Some private intelligence agencies use online perception management, social media influencing/manipulation campaigns, strategic disinformation (such as fake news production/propaganda production), opposition research and political campaigns using social media and artificial intelligence such as Psy-Group, Cambridge Analytica and Black Cube. The Atlantic Council's Digital Forensic Research Lab described the activity of Archimedes Group as practicing "information warfare". Former anti-corruption prosecutor Aaron Sayne said private intelligence is "an industry that's largely undocumented and has very flexible ethical norms" as agencies collect and use sensitive information "for one purpose on day one and some completely contradictory purpose on day two".

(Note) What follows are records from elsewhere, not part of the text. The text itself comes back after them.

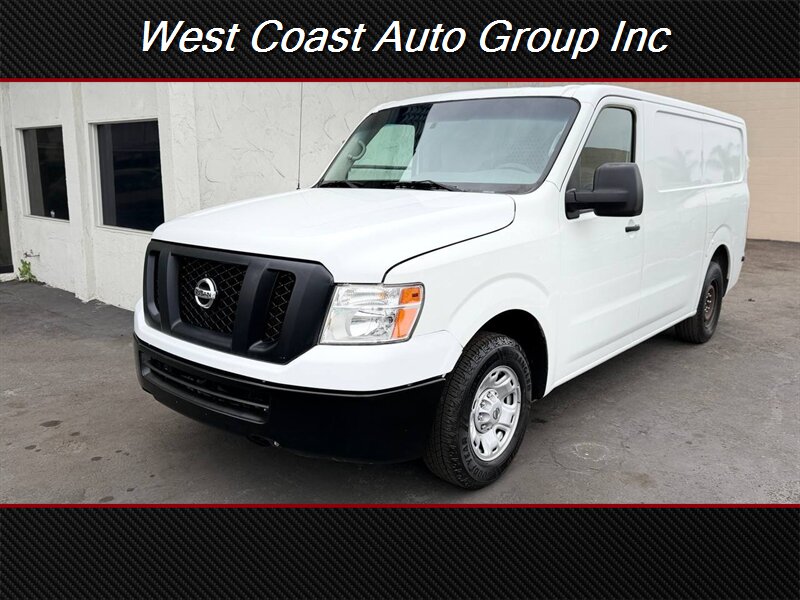2016 Nissan NV 2500 HD SL  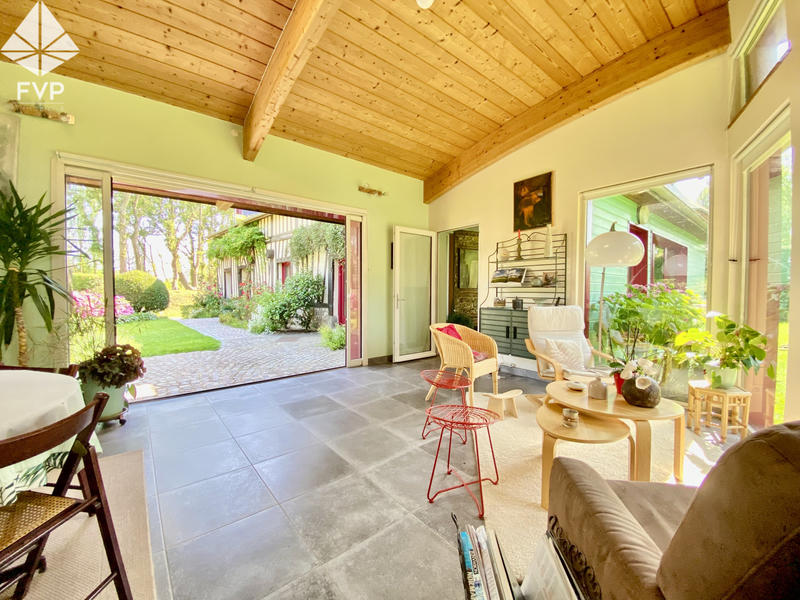 Maison - 272 m² - 10 pièces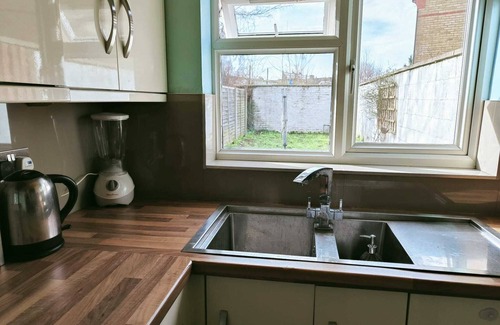 Selhurst House | Bright 3BD House Near East Croydon Station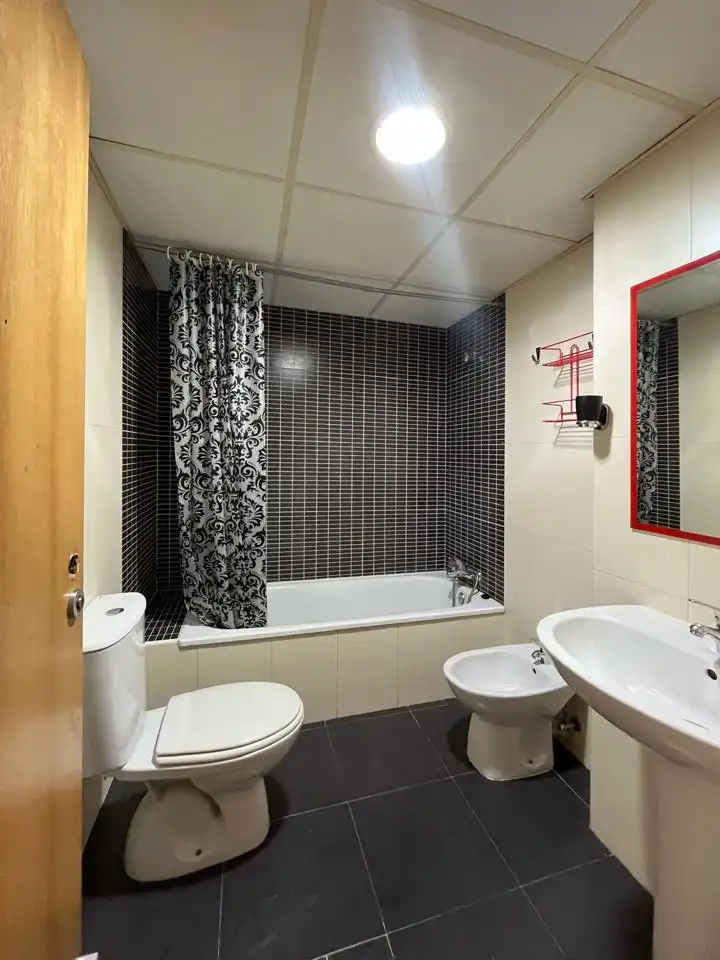 Baño de Planta baja en venta en Alagón con Terraza y Amueblado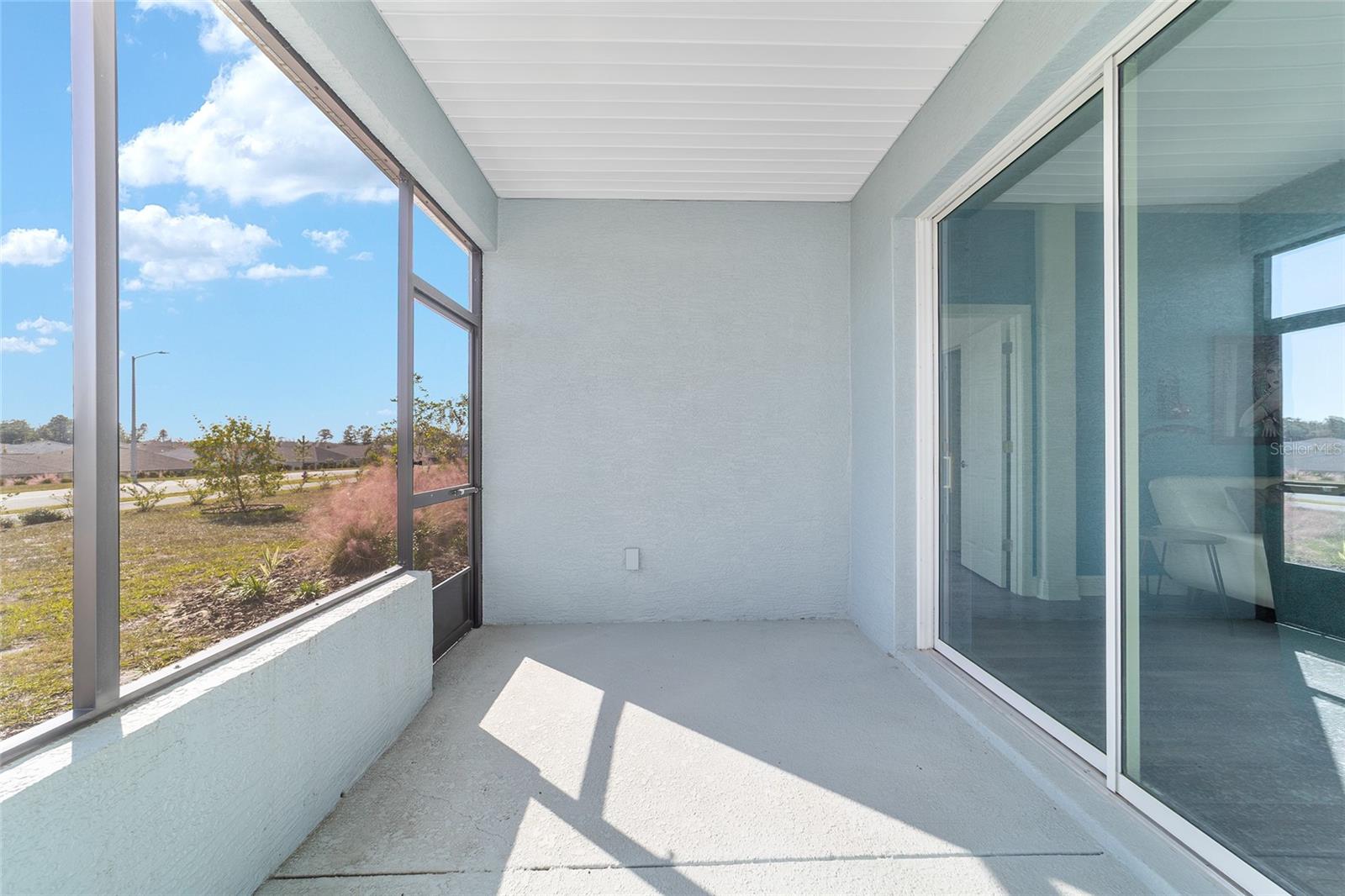 Image 48 of 50 For 10410 96th Loop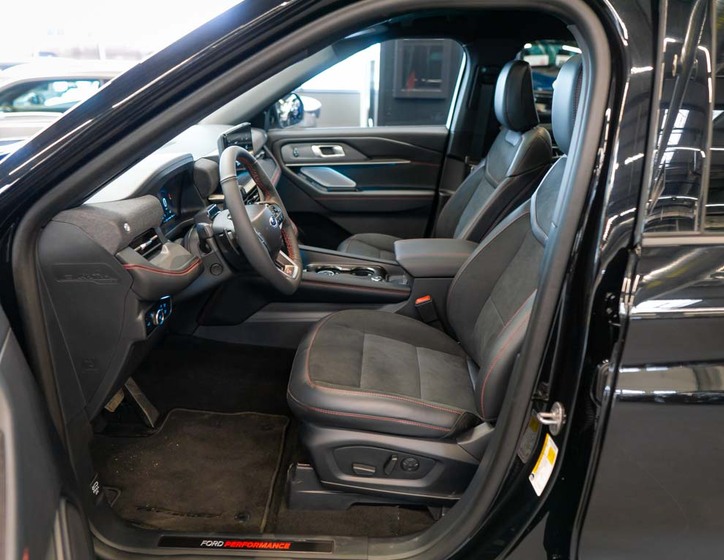 Ford Explorer 14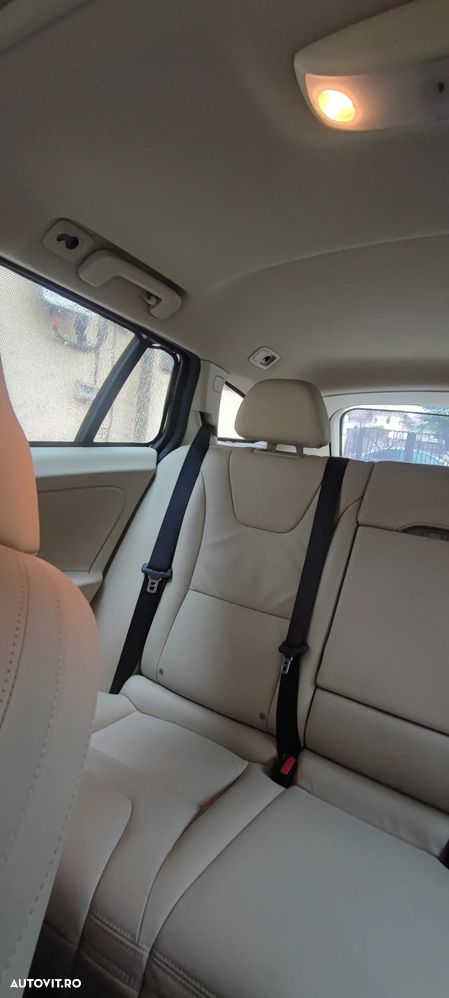 Volvo V60 - 13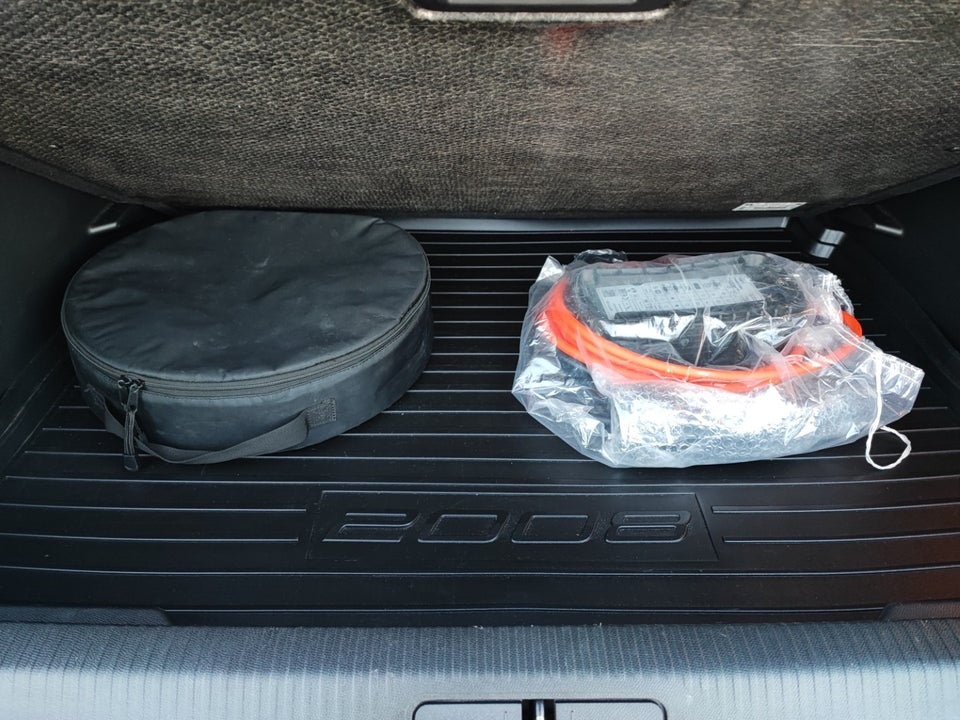 Peugeot e-2008 50 GT Pack 5d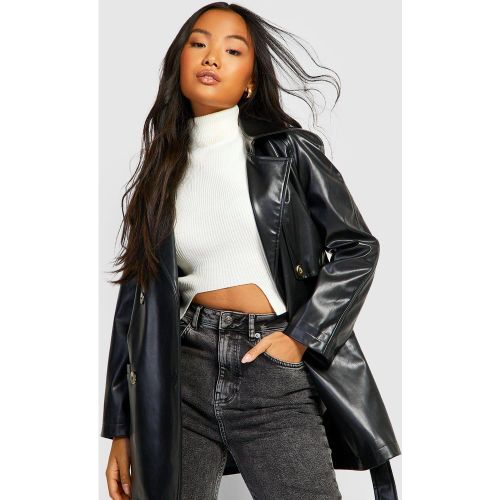 Gabardina Petite Crop De Cuero Sintético Con Cinturón - boohoo - Modalova
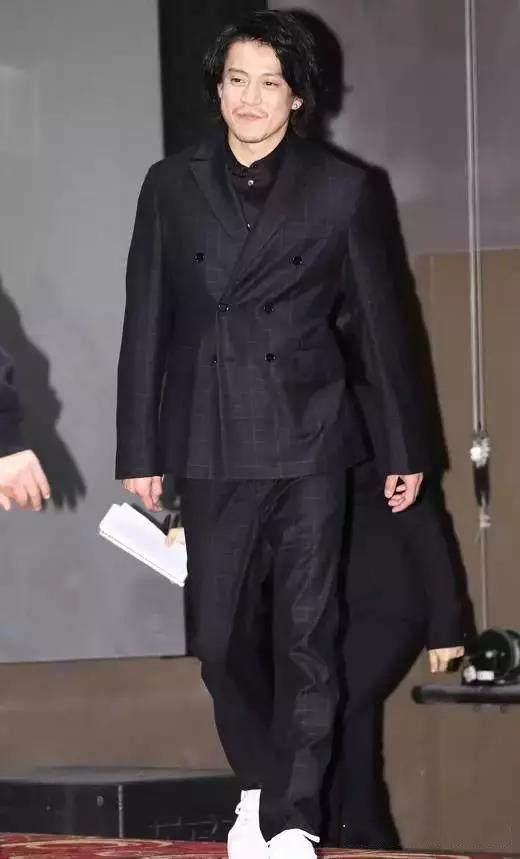 风靡时尚圈的日著名男星小栗旬,为何害女友痛哭?情感走向将如何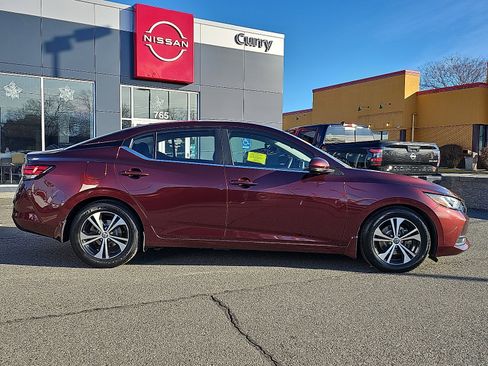 Used 2020 Nissan Sentra SV image 7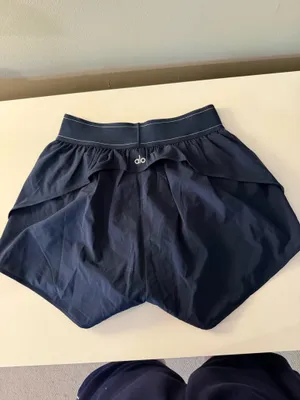 Alo Yoga Shorts thumbnail 2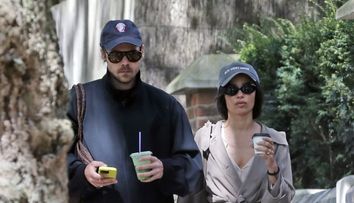 Fanele lui Harry Styles, în lacrimi! Inelul „suspect” de pe degetul lui Zoë Kravitz aprinde zvonuri de logodnă, dar nimeni nu vrea să creadă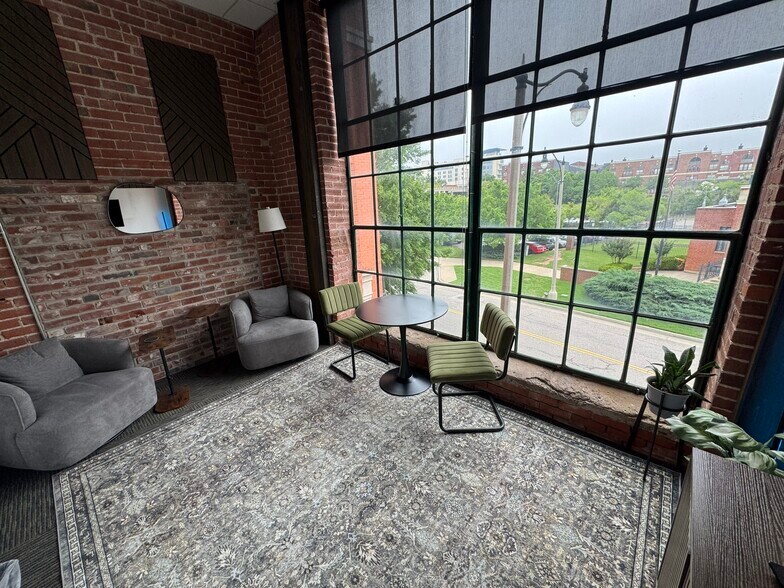 More Photos Of 214-218 E Main St, Oklahoma City Office For Lease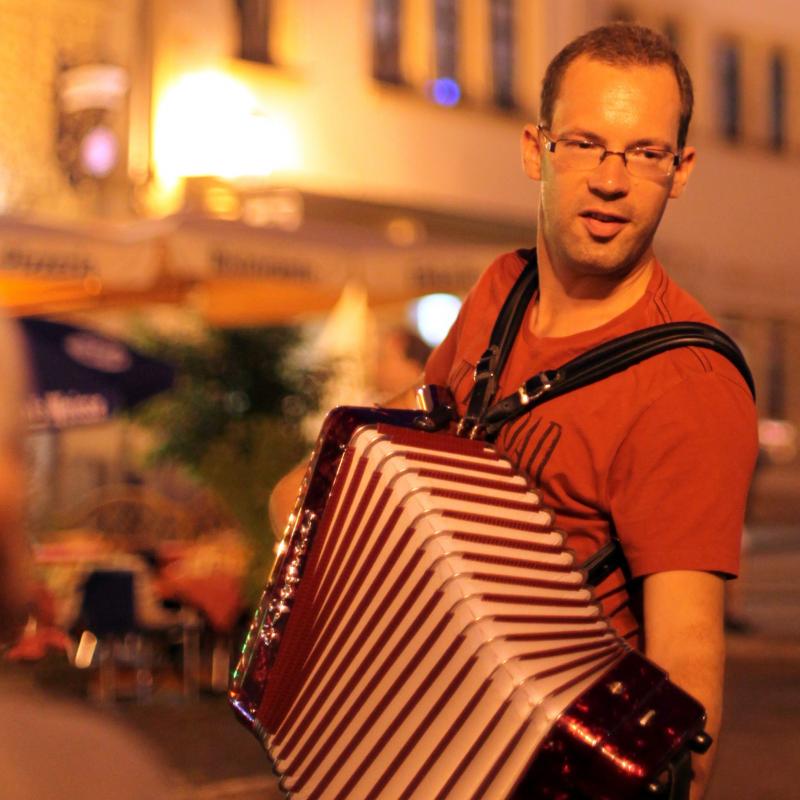 Vincent Verhelst speelt accordeon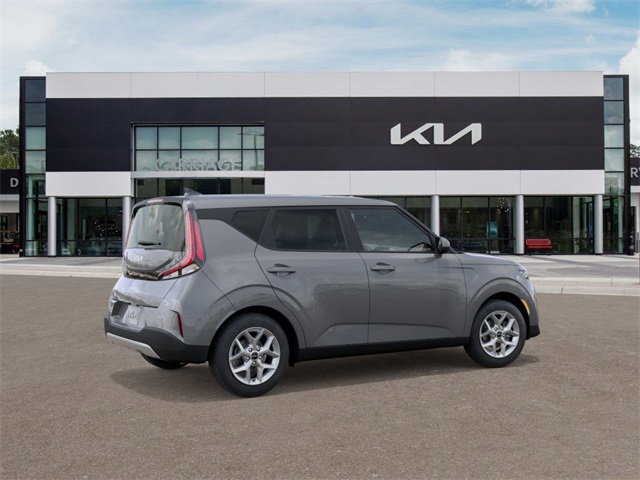 2025 Kia Soul LX S photo 3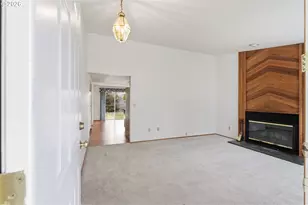 21171 SW Dana Ct, Beaverton, OR 97003 - Photo 10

The private intelligence industry has boomed due to shifts in how the U.S. government is conducting espionage in the War on Terror. Some $56 billion (USD) or 70% of the $80 billion national intelligence budget of the United States was in 2013 earmarked for the private sector according to The New York Times Tim Shorrock. Functions previously performed by the Central Intelligence Agency (CIA), National Security Agency (NSA), and other intelligence agencies are now outsourced to private intelligence corporations.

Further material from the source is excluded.